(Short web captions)
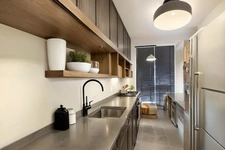 Appartement à vendre 4 pièces, T4 FONTENAY LE FLEURY (78)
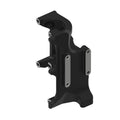 DZ120802: Fits John Deere DZ120802 Bracket – Genuine OEM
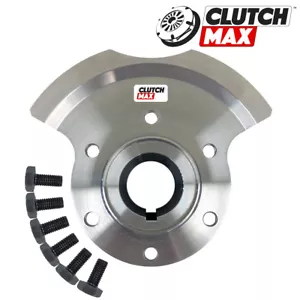 CONTRAPESO VOLANTE EMBRAGUE BALANCE para MAZDA RX8 RX-8 2004-2011 13B-MSP - Imagen 1 de 7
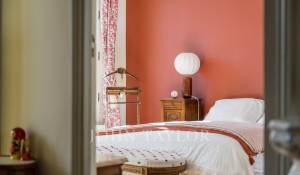 Продажа Дом Bordeaux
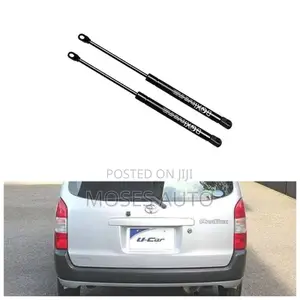 Probox And Succeed Boot Shocks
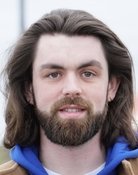 Paddy Seery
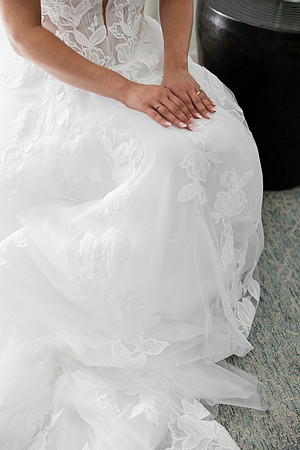 wedding-227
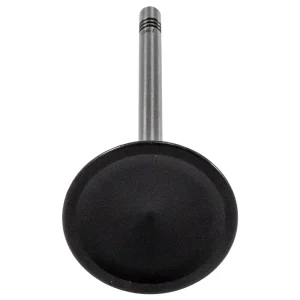 Melling Intake Valve – V3467 - view 3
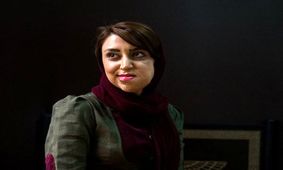 سوال نکنید، بیماری من خیلی نادر است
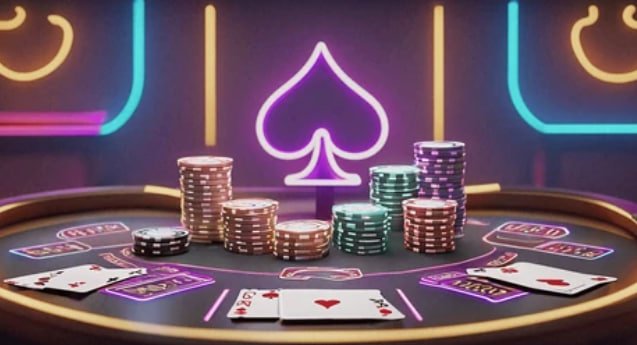 Proses deposit di gacor189 melalui berbagai metode pembayaran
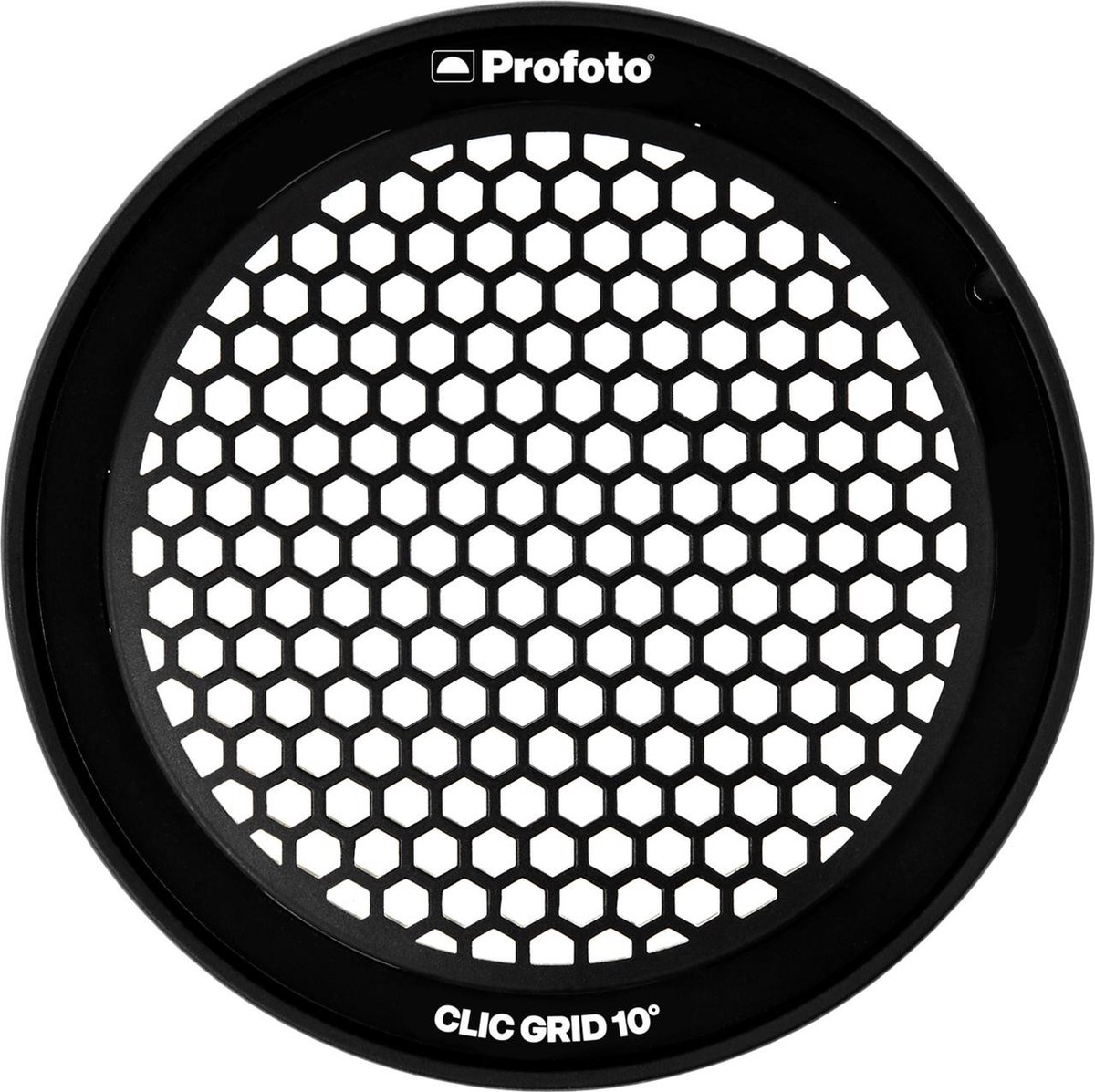 Profoto Clic Grid 10 afbeelding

● **Exercise brief**:
Every entry above needs to be retyped exactly; drop the pictures.

● **Output below**:
 Appartement à vendre 4 pièces, T4 FONTENAY LE FLEURY (78)
 DZ120802: Fits John Deere DZ120802 Bracket – Genuine OEM
 CONTRAPESO VOLANTE EMBRAGUE BALANCE para MAZDA RX8 RX-8 2004-2011 13B-MSP - Imagen 1 de 7
 Продажа Дом Bordeaux
 Probox And Succeed Boot Shocks
 Paddy Seery
 wedding-227
 Melling Intake Valve – V3467 - view 3
 سوال نکنید، بیماری من خیلی نادر است
 Proses deposit di gacor189 melalui berbagai metode pembayaran
 Profoto Clic Grid 10 afbeelding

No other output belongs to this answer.